**Work order:** Transcribe every record exactly.

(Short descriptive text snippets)
********************

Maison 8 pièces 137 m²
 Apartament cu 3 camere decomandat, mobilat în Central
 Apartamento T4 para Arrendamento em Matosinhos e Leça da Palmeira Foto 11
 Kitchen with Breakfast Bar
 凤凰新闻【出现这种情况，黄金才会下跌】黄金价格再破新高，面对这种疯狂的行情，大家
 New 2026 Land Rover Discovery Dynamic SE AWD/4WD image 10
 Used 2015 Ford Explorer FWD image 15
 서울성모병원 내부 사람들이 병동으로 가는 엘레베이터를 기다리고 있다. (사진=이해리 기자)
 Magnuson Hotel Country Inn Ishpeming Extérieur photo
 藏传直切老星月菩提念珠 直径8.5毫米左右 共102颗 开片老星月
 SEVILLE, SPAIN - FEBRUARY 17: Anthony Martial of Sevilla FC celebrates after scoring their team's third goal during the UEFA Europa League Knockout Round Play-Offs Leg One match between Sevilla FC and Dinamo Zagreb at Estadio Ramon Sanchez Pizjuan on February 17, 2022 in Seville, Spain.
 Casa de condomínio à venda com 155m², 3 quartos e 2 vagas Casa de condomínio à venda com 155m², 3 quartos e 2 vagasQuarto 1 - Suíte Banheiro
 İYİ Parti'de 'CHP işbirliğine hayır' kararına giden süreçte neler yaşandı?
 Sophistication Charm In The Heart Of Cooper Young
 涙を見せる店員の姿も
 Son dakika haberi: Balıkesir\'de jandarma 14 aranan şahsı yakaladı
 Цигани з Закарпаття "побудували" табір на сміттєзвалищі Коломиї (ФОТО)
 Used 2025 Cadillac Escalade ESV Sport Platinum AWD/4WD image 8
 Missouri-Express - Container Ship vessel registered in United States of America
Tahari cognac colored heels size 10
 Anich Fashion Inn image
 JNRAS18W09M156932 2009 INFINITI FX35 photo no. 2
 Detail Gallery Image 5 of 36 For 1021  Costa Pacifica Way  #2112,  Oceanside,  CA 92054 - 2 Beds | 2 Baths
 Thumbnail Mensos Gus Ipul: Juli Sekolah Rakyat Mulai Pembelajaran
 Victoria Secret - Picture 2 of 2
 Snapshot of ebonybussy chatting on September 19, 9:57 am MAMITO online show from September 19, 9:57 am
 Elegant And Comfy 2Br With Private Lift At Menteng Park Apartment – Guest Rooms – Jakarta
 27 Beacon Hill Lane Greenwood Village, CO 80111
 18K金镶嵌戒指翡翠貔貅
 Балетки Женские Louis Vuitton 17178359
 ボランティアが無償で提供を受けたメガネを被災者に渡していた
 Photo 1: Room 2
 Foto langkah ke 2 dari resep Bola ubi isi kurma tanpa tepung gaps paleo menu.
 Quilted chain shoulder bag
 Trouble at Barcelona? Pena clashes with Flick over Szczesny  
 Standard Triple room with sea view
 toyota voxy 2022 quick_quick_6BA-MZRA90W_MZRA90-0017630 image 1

********************

**Response:**
Maison 8 pièces 137 m²
 Apartament cu 3 camere decomandat, mobilat în Central
 Apartamento T4 para Arrendamento em Matosinhos e Leça da Palmeira Foto 11
 Kitchen with Breakfast Bar
 凤凰新闻【出现这种情况，黄金才会下跌】黄金价格再破新高，面对这种疯狂的行情，大家
 New 2026 Land Rover Discovery Dynamic SE AWD/4WD image 10
 Used 2015 Ford Explorer FWD image 15
 서울성모병원 내부 사람들이 병동으로 가는 엘레베이터를 기다리고 있다. (사진=이해리 기자)
 Magnuson Hotel Country Inn Ishpeming Extérieur photo
 藏传直切老星月菩提念珠 直径8.5毫米左右 共102颗 开片老星月
 SEVILLE, SPAIN - FEBRUARY 17: Anthony Martial of Sevilla FC celebrates after scoring their team's third goal during the UEFA Europa League Knockout Round Play-Offs Leg One match between Sevilla FC and Dinamo Zagreb at Estadio Ramon Sanchez Pizjuan on February 17, 2022 in Seville, Spain.
 Casa de condomínio à venda com 155m², 3 quartos e 2 vagas Casa de condomínio à venda com 155m², 3 quartos e 2 vagasQuarto 1 - Suíte Banheiro
 İYİ Parti'de 'CHP işbirliğine hayır' kararına giden süreçte neler yaşandı?
 Sophistication Charm In The Heart Of Cooper Young
 涙を見せる店員の姿も
 Son dakika haberi: Balıkesir\'de jandarma 14 aranan şahsı yakaladı
 Цигани з Закарпаття "побудували" табір на сміттєзвалищі Коломиї (ФОТО)
 Used 2025 Cadillac Escalade ESV Sport Platinum AWD/4WD image 8
 Missouri-Express - Container Ship vessel registered in United States of America
Tahari cognac colored heels size 10
 Anich Fashion Inn image
 JNRAS18W09M156932 2009 INFINITI FX35 photo no. 2
 Detail Gallery Image 5 of 36 For 1021  Costa Pacifica Way  #2112,  Oceanside,  CA 92054 - 2 Beds | 2 Baths
 Thumbnail Mensos Gus Ipul: Juli Sekolah Rakyat Mulai Pembelajaran
 Victoria Secret - Picture 2 of 2
 Snapshot of ebonybussy chatting on September 19, 9:57 am MAMITO online show from September 19, 9:57 am
 Elegant And Comfy 2Br With Private Lift At Menteng Park Apartment – Guest Rooms – Jakarta
 27 Beacon Hill Lane Greenwood Village, CO 80111
 18K金镶嵌戒指翡翠貔貅
 Балетки Женские Louis Vuitton 17178359
 ボランティアが無償で提供を受けたメガネを被災者に渡していた
 Photo 1: Room 2
 Foto langkah ke 2 dari resep Bola ubi isi kurma tanpa tepung gaps paleo menu.
 Quilted chain shoulder bag
 Trouble at Barcelona? Pena clashes with Flick over Szczesny  
 Standard Triple room with sea view
 toyota voxy 2022 quick_quick_6BA-MZRA90W_MZRA90-0017630 image 1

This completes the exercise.